Thursday, March 27

THINGS WHICH AMAZE ME ABOUT THIS WAR
• We’re surprised that the Iraqis have little regard for the Geneva convention.

• We weren’t expecting so much guerilla warfare. We thought everyone would just give up and accept “liberation”. It makes me wonder about the sources of all our intelligence and how well this whole thing has been thought out.

• We seem so surprised that there are sandstorms in the desert.

• My friends who are ultra conservative – almost libertarian – questioning everything about the value of government – throw all those convictions out the window when it comes to the military action – and they become the biggest flag wavers.

• We think we’re getting semi-objective information from reporters who are "in bed" with the miliary unit they're reporting on.

• Before we started this thing all the experts (including those in the government) were making it out to be a cake-walk. Now they’re singing a different song which starts out “We didn’t say that...”

• Congress didn’t demand a solid estimate on the cost before committing.

• We failed to take the Turks and their relationship with the Kurds into serious account before opening this can of worms.

• Many of the people interviewed on TV or the radio seem think that this conflict is a response to the 9-11 terrorist attacks. But there does not appear to be any real connection between these groups. The radical Muslim groups responsible for the 9-11 attacks despise Saddam because he is too secularized.

Of course, you can’t know everything before you start out in an endeavor like this. But it seems to me that we’re missing some major cues.

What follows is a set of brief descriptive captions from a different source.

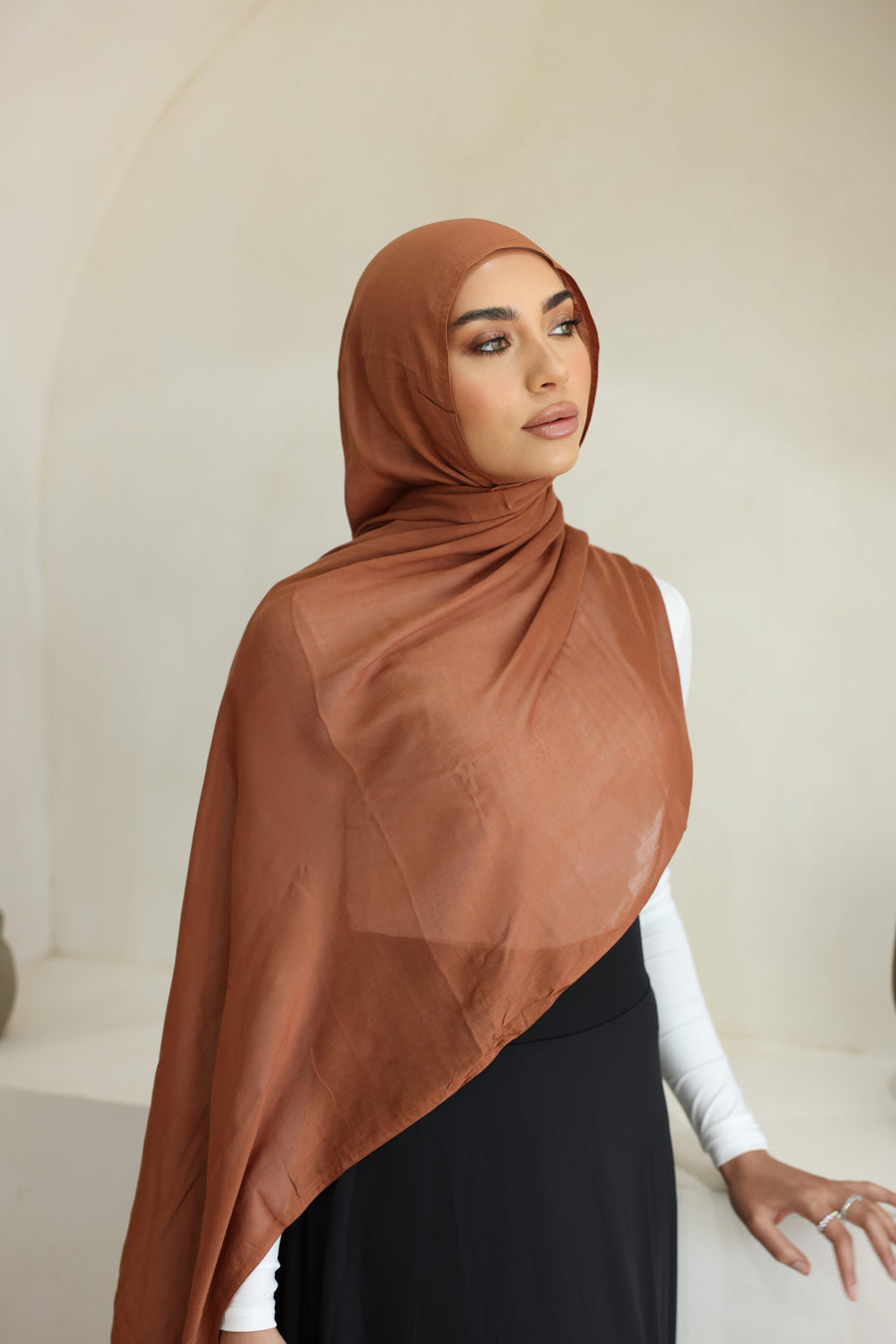 Luxe Double Stitch Hijab Terracotta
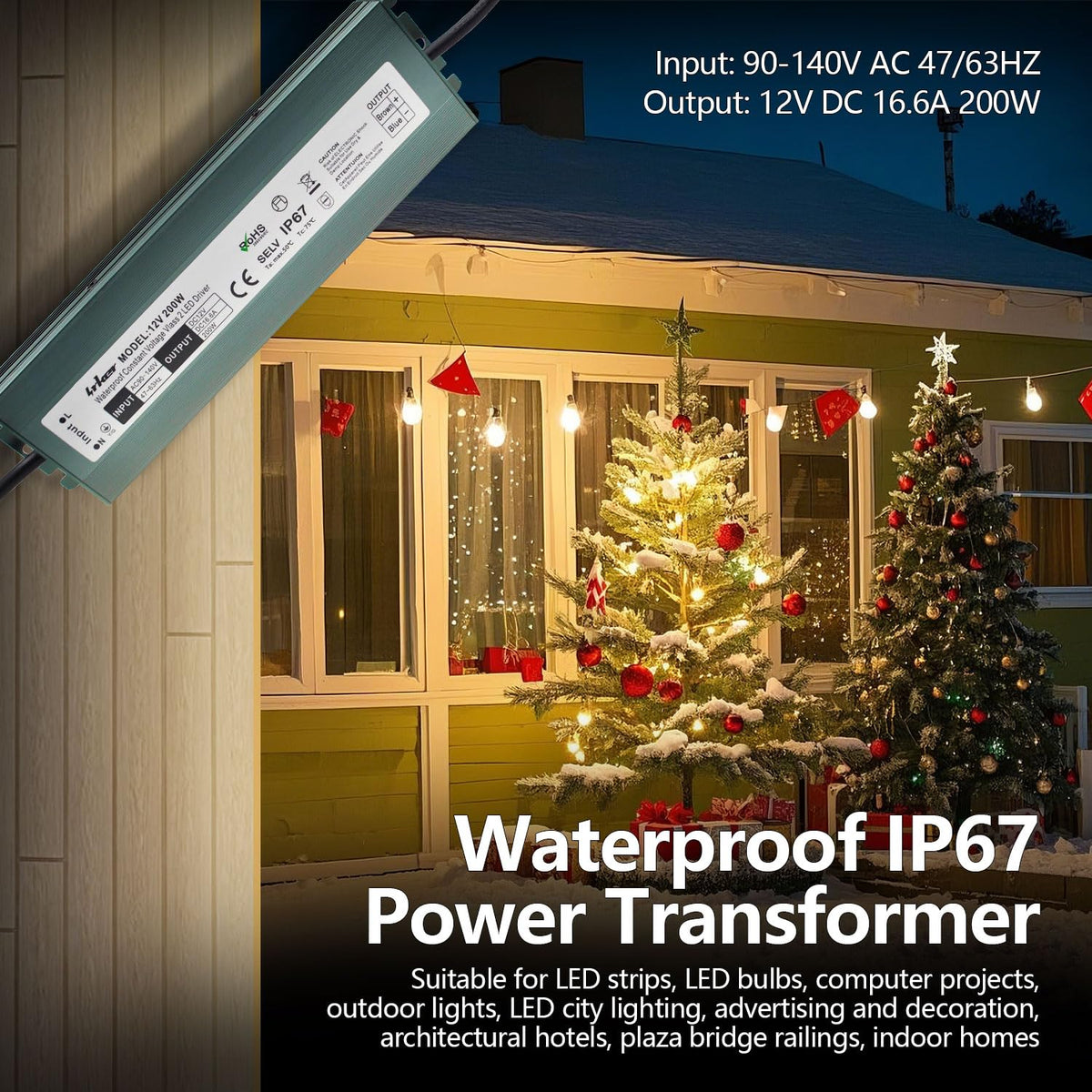 2 Pack 12V 200W Waterproof IP67 LED Driver S841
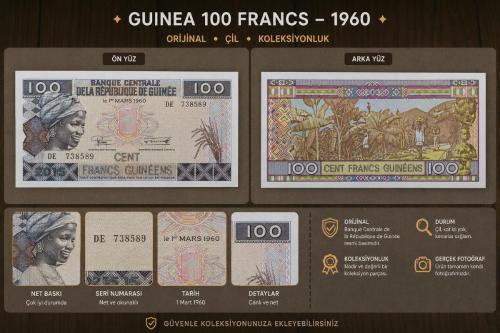1960 Guinea 100 Francs  ÇİL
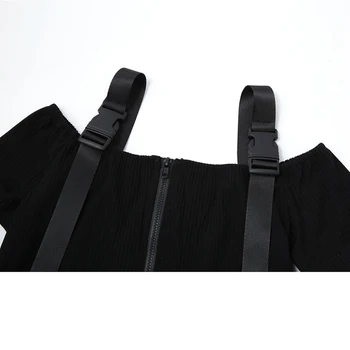 Gothic Black Off Skulder Kvinder Tees Lynlås Korte Ærmer straps T-Shirt 2021 Sommer Fashion Streetwear Kausale Kvindelige Crop Tops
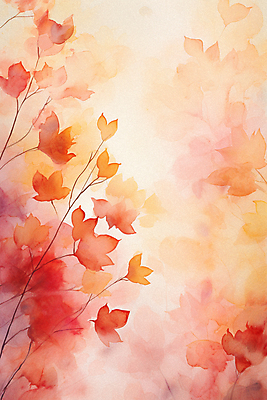 PSD 백그라운드 단풍 일러스트 수채화 풍경 사람없음 빨간색 가을 나뭇가지 국내일러스트 나무 계절 컬러 잎 파일형식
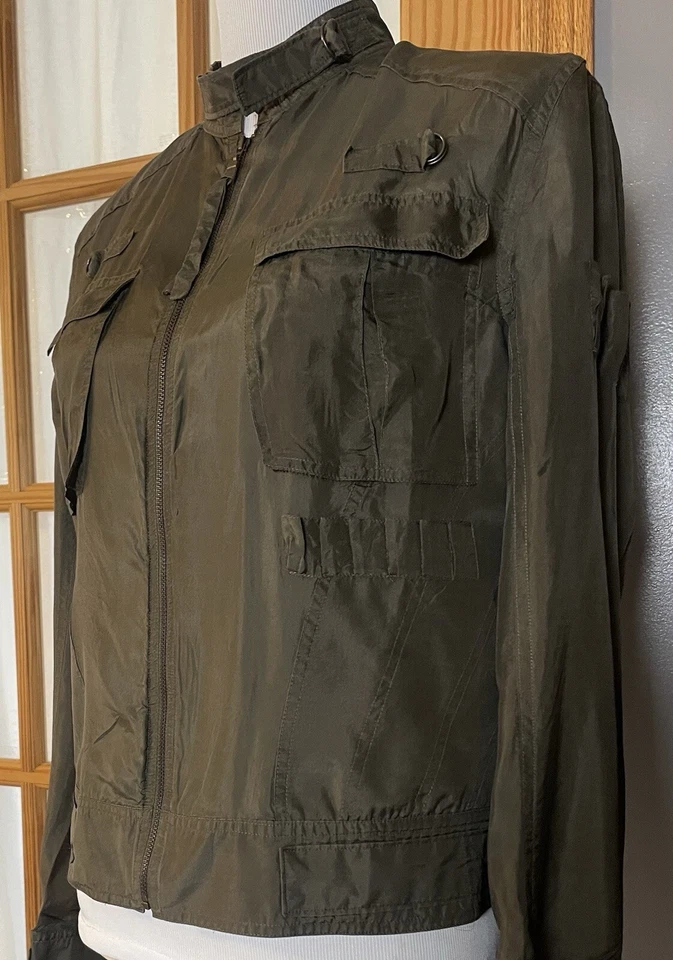 Chaqueta de campo de seda para mujer Y2K Express L botón delantero trasero cruzado bolsillos con lazo Foto 2 de 4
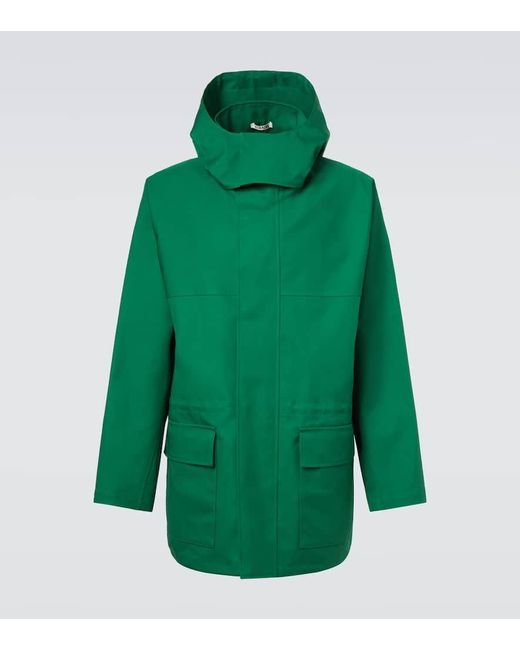 Auralee Green Hooded Cotton Gabardine Jacket for men
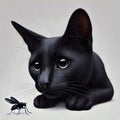 Black cat staring at a fly, crouching on white background Royalty Free Stock Photo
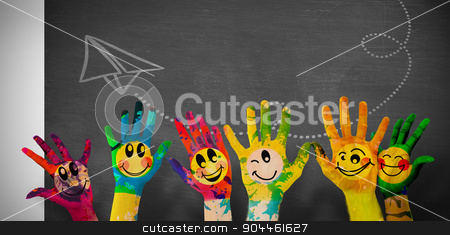 To use this stock image in your creative project, please select the size you need over to the right and click the "Add to Cart" button.
Your downloaded image will come with the Cutcaster watermark removed so don’t worry about the watermark you see on this page. Composite image of hands with colourful smiley faces stock photo, Hands with colourful smiley faces against black background by Wavebreak Media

Don’t get me wrong. I appreciate it that we have military people willing to put their lives on the line for principles. They do their job well (!!!). And they appear to be extremely sensitive about keeping non-combatants out of the middle. (The same can’t be said for the Iraqis which appear to be all too willing to use women and children as human shields. But in that culture individual life is relatively cheap -- we should have known that.)

I don’t think we can go back now. The war protestors are unrealistic at this point. But the longer we go at this, the more my initial sense that the whole idea is half-baked is confirmed. Saddam was a problem which needed some serious fixing. We’ve just chosen the wrong handyman strategy.

I hope I'm proven wrong.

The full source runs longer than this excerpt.